Having bristled at St George Illawarra’s sticky financial bind, which has forced them to resort to a sparse home game schedule at Wollongong for 2014, Mr Frendo then contemplated what it would mean to watch the Dragons next season.
So the Mercury worked it out for him, using the Dragons’ newly minted ‘‘home’’ games against the Bulldogs and Tigers/Eels at ANZ Stadium, in the heart of Sydney’s west, as a guide.
And we found, using Saturday’s train timetable for example, Mr Frendo and his family would spend more than five hours on exhausting train trips for a return journey to catch a 7.30pm kick-off.

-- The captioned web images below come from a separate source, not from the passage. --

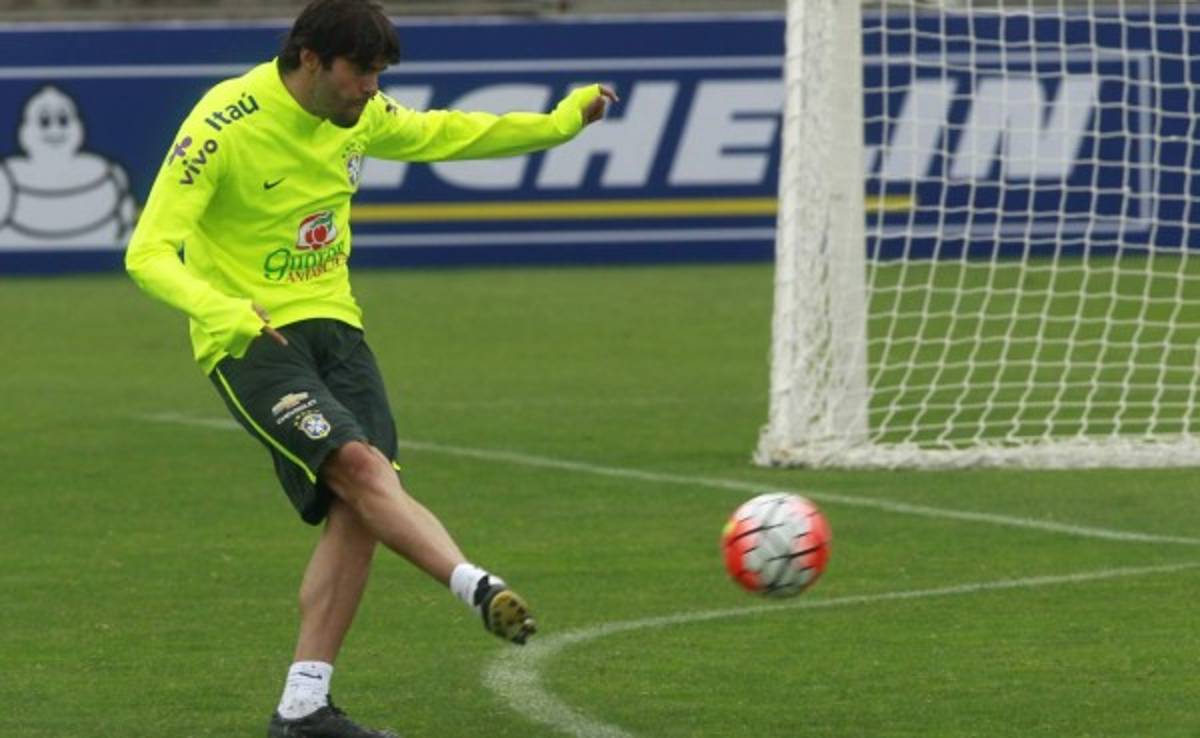 Kaká utilizará el '10' de Neymar en la selección de Brasil
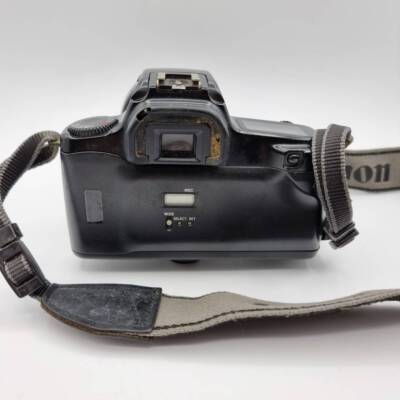 Canon EOS 1000S Zoom Lens AF 28-200mm SLR Film Camera Not
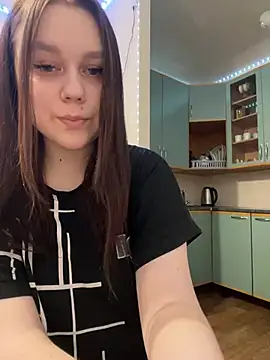 Snapshot of Marylallka5 chatting on January 2025 03:11:02 AM Marylallka5 online show from January 2025 03:11:02 AM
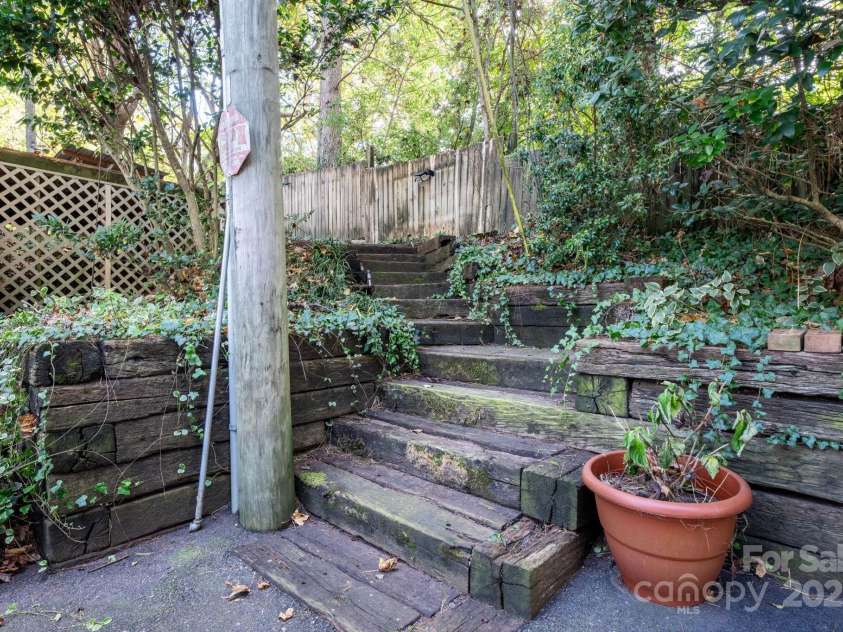 820 Peacehaven Place, Lenoir, NC 28645.  MLS# CAR4315958, YatesRealty ID 3598. 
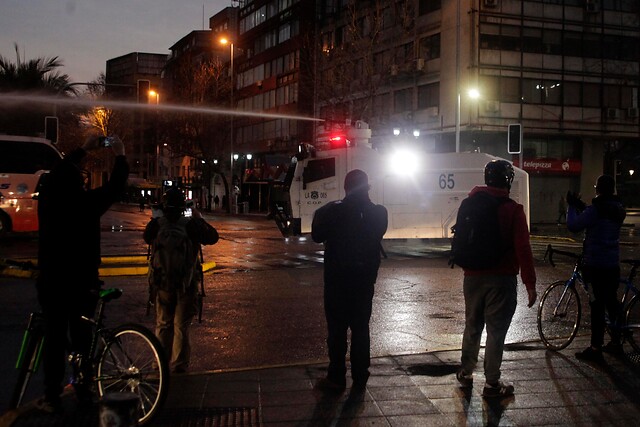 Disturbios en Plaza Italia: 21 personas serán puestas a disposición de fiscalía Disturbios en Plaza Italia: 21 personas serán puestas a disposición de fiscalía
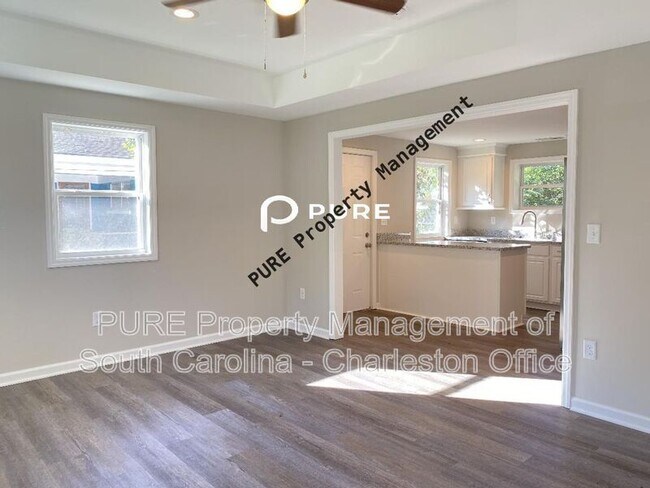 Building Photo - 1612 Acacia St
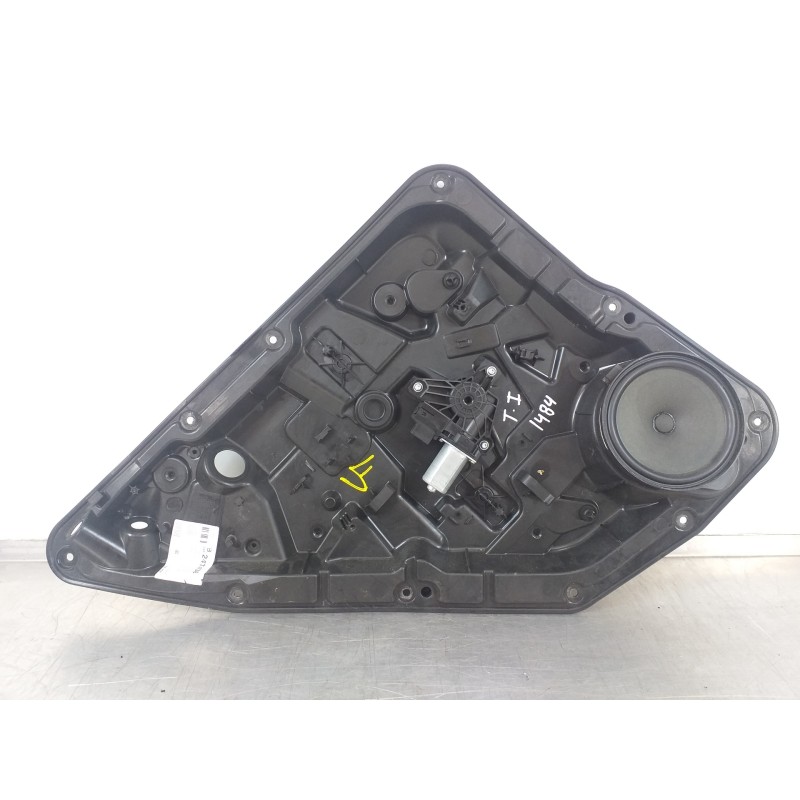Recambio de elevalunas trasero izquierdo para mercedes-benz clase b (w246) b 180 cdi (246.212) referencia OEM IAM A2468200100 A2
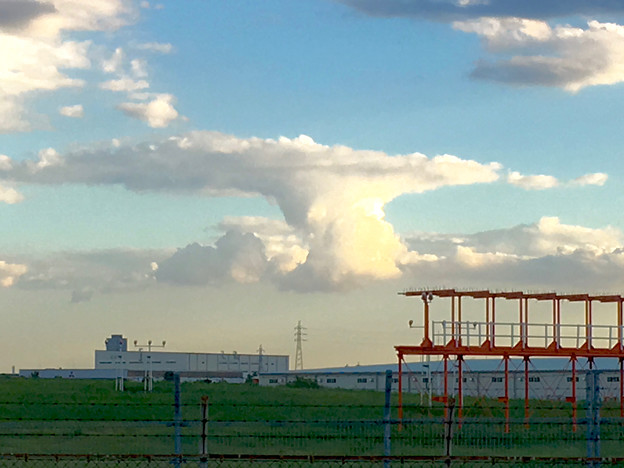 遠くに見えたキノコ型の雲（小針公園） - 2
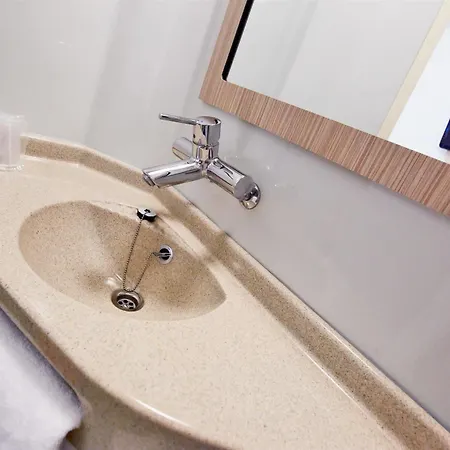 מלון Premiere Classe Toulouse Sud - פורטה-סור-גארון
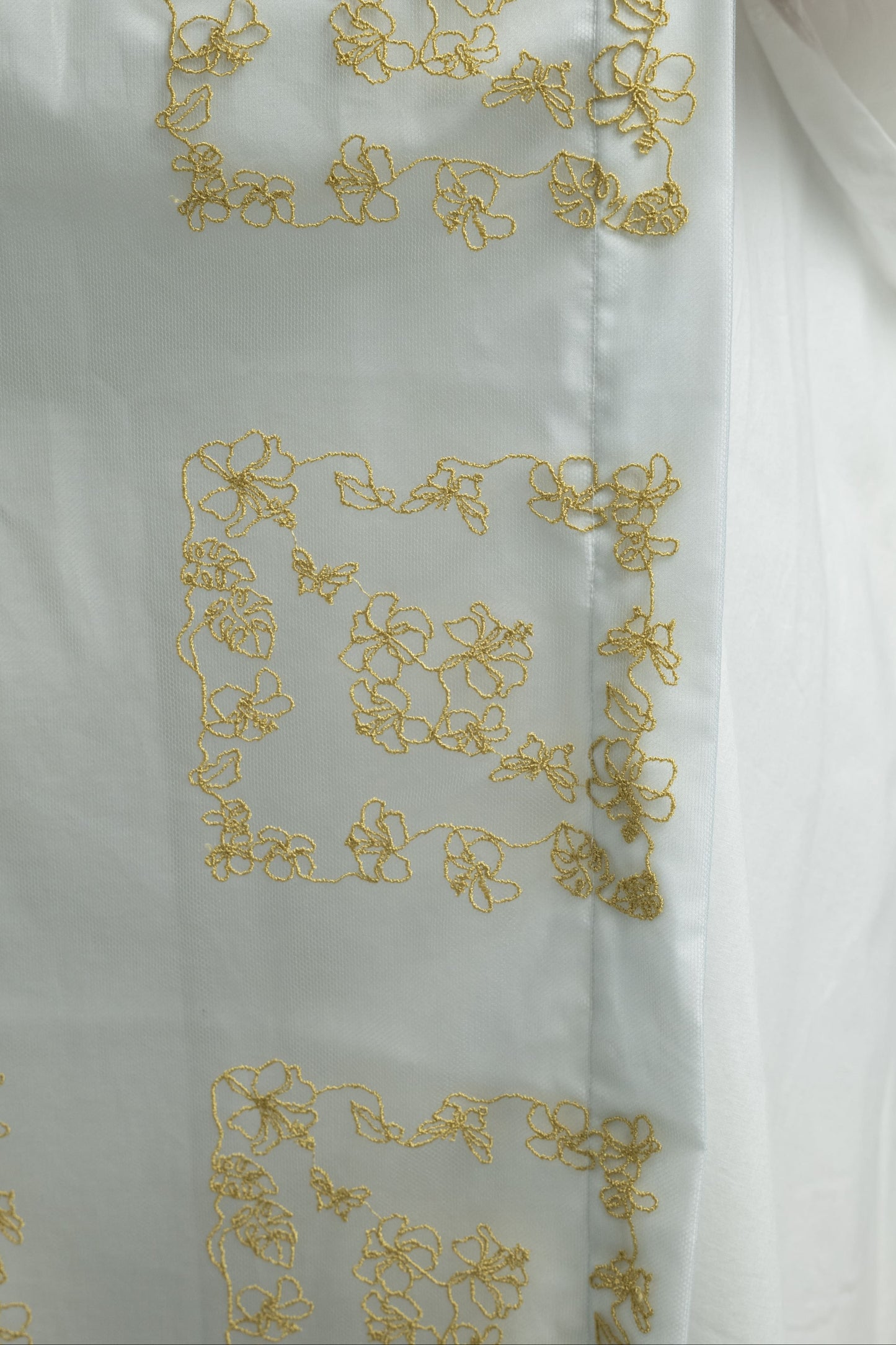 【YOAKE】チュール刺繍ロングワンピース (White)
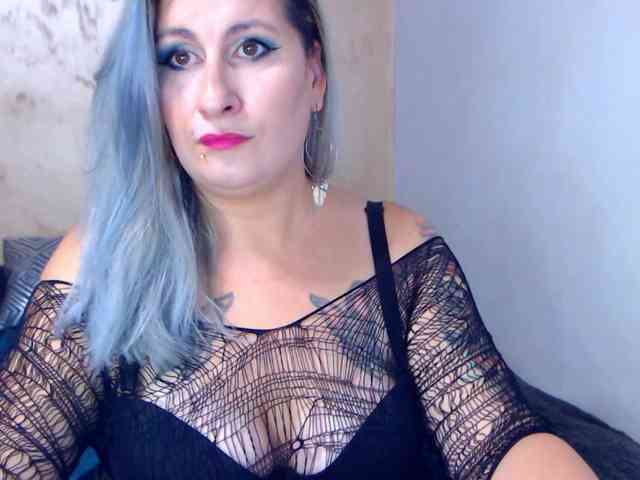 LilithGreen webcam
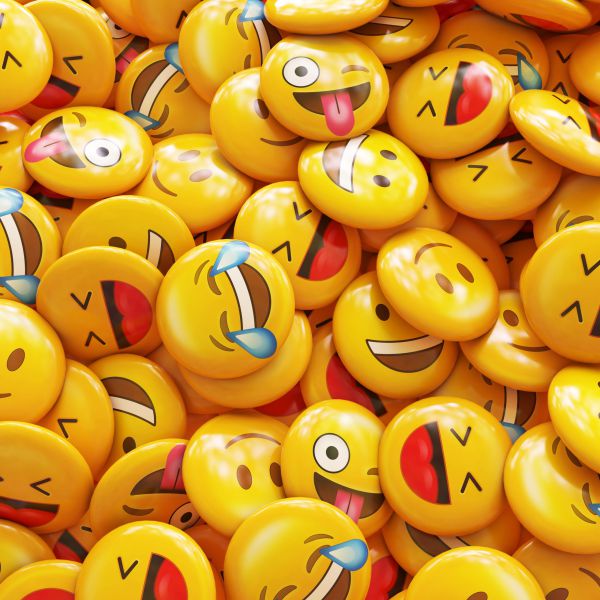יום האימוג'י הבינלאומי: איפה נוצרו ואיך זה נקרא בעברית?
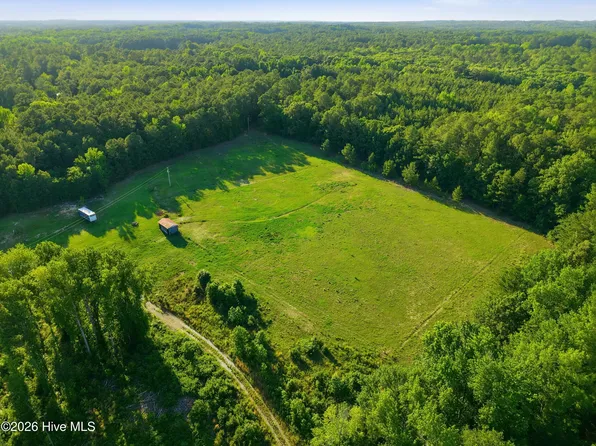 2025 Vass Carthage Road, Carthage, NC 28327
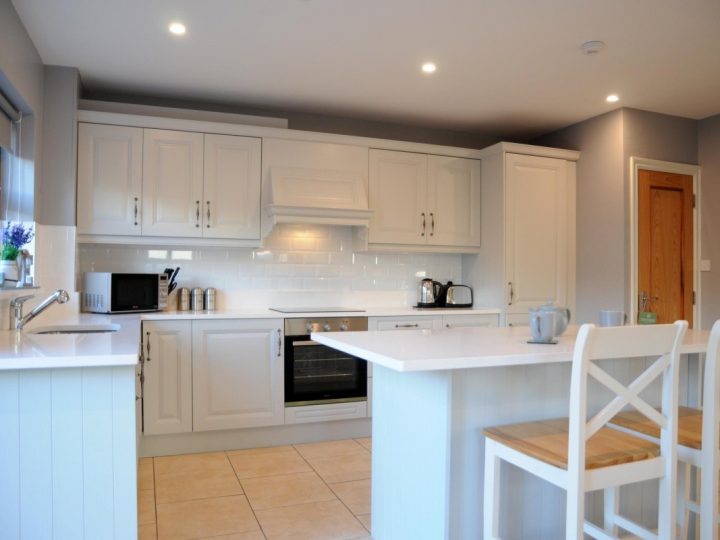 Holiday cottages Ireland - Bar stools and kitchen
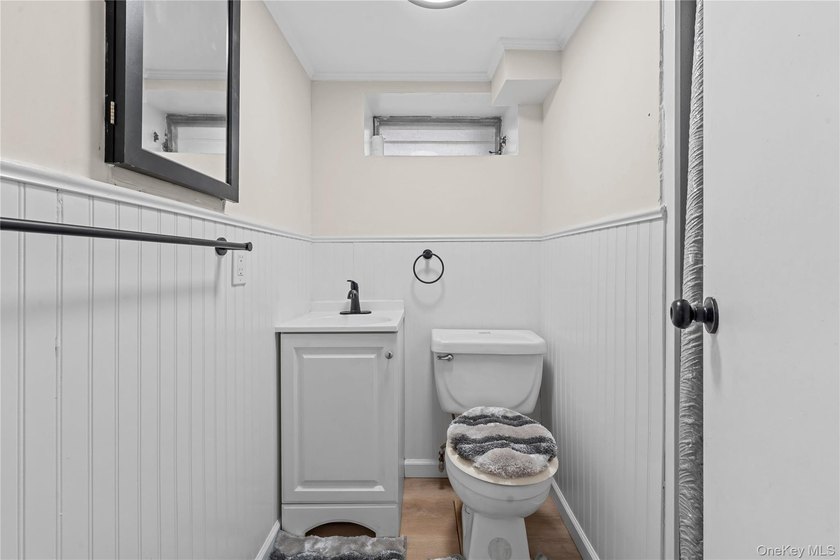 Welcome to Historic Addisleigh Park. This beautifully renovated - photo 18
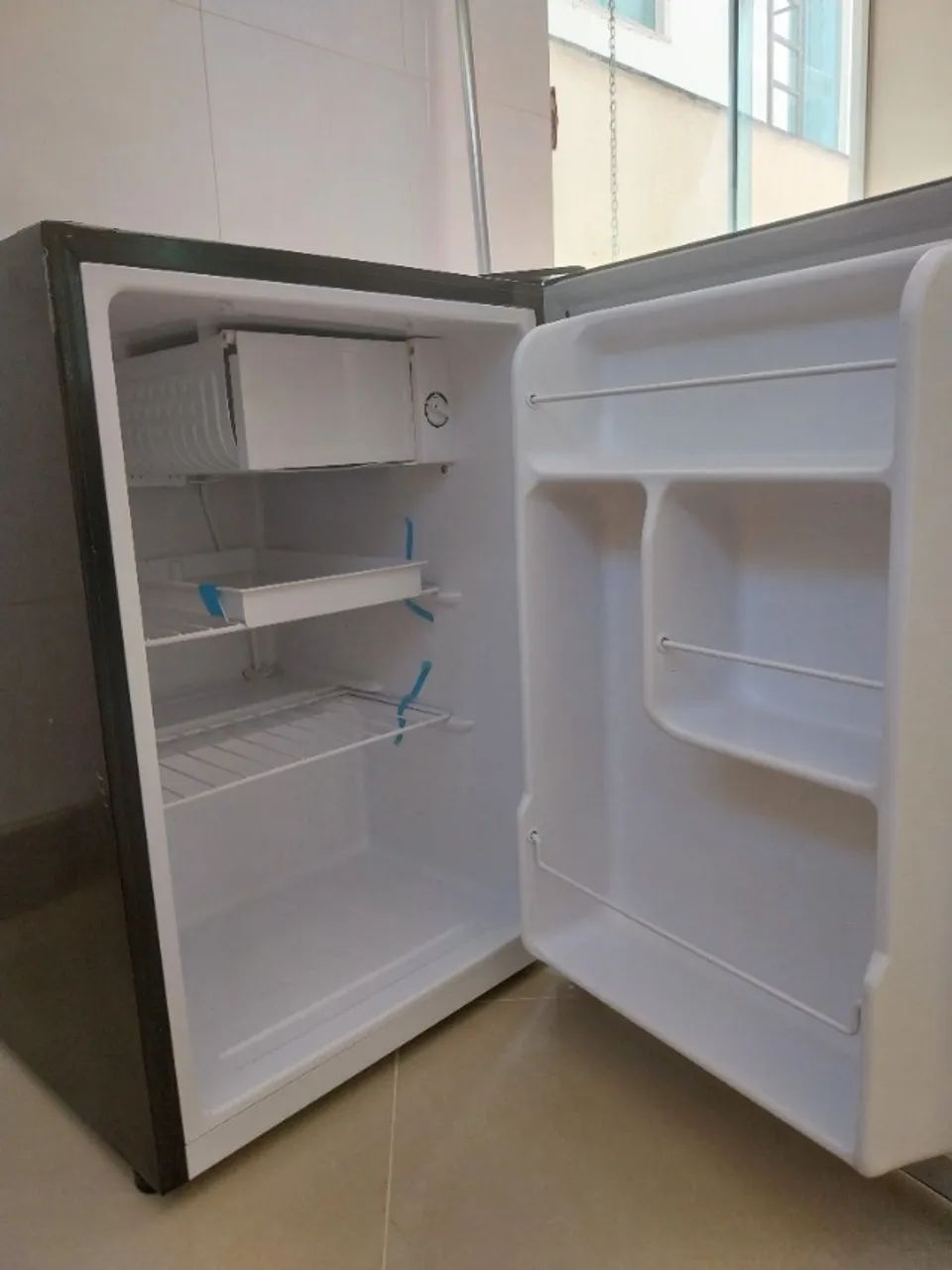 Frigobar Philco 68l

They couldn’t expect to be home until well after midnight.
If the games were still in Wollongong, Mr Frendo would need just 23 minutes to commute between Albion Park Rail, his closest station, and the city’s main train hub.
‘‘To me there’s two pillars of the joint venture: [one is] they keep the jumper, name and logo,’’ said the Haywards Bay-based Mr Frendo, a Dragons member for 14 years who has only missed four games in Wollongong during that time.
‘‘The other pillar should be Wollongong gets 50per cent of the games. I call them non-negotiables.
‘‘I like to go whether it’s raining, Monday night or Saturday night, or they lose 10 in a row...that’s my thing.
‘‘It’s the casual bloke who says, ‘I might become a member this year’ who finds out they’re taking games away [from Wollongong] who really suffers.’’
The two games at ANZ Stadium can essentially account for Wollongong’s scrapped fixtures, which now stand at four after the Dragons announced a seismic shift to their home game allocation for the next four years.
The Dragons are exploring public transport options for ticketed members to the Sydney games, but it’s unlikely to appease Illawarra fans feeling left out in the cold.